Reproduce precisely the lines of the listing below, starting with the line that contains "complete HP DESKTOP" and stopping after the line that contains "Crochet Floral Halter"; include nothing else.

#####

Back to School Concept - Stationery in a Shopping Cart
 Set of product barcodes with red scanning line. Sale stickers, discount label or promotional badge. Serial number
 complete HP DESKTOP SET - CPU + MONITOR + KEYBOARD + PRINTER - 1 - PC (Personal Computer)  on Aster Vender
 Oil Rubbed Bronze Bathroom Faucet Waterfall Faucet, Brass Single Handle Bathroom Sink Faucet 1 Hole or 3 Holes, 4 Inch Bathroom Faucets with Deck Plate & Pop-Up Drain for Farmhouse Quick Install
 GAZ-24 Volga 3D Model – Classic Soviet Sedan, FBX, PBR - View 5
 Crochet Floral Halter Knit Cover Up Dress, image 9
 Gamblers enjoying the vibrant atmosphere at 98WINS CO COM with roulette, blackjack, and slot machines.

#####

SOLUTION FOR THIS TASK:
 complete HP DESKTOP SET - CPU + MONITOR + KEYBOARD + PRINTER - 1 - PC (Personal Computer)  on Aster Vender
 Oil Rubbed Bronze Bathroom Faucet Waterfall Faucet, Brass Single Handle Bathroom Sink Faucet 1 Hole or 3 Holes, 4 Inch Bathroom Faucets with Deck Plate & Pop-Up Drain for Farmhouse Quick Install
 GAZ-24 Volga 3D Model – Classic Soviet Sedan, FBX, PBR - View 5
 Crochet Floral Halter Knit Cover Up Dress, image 9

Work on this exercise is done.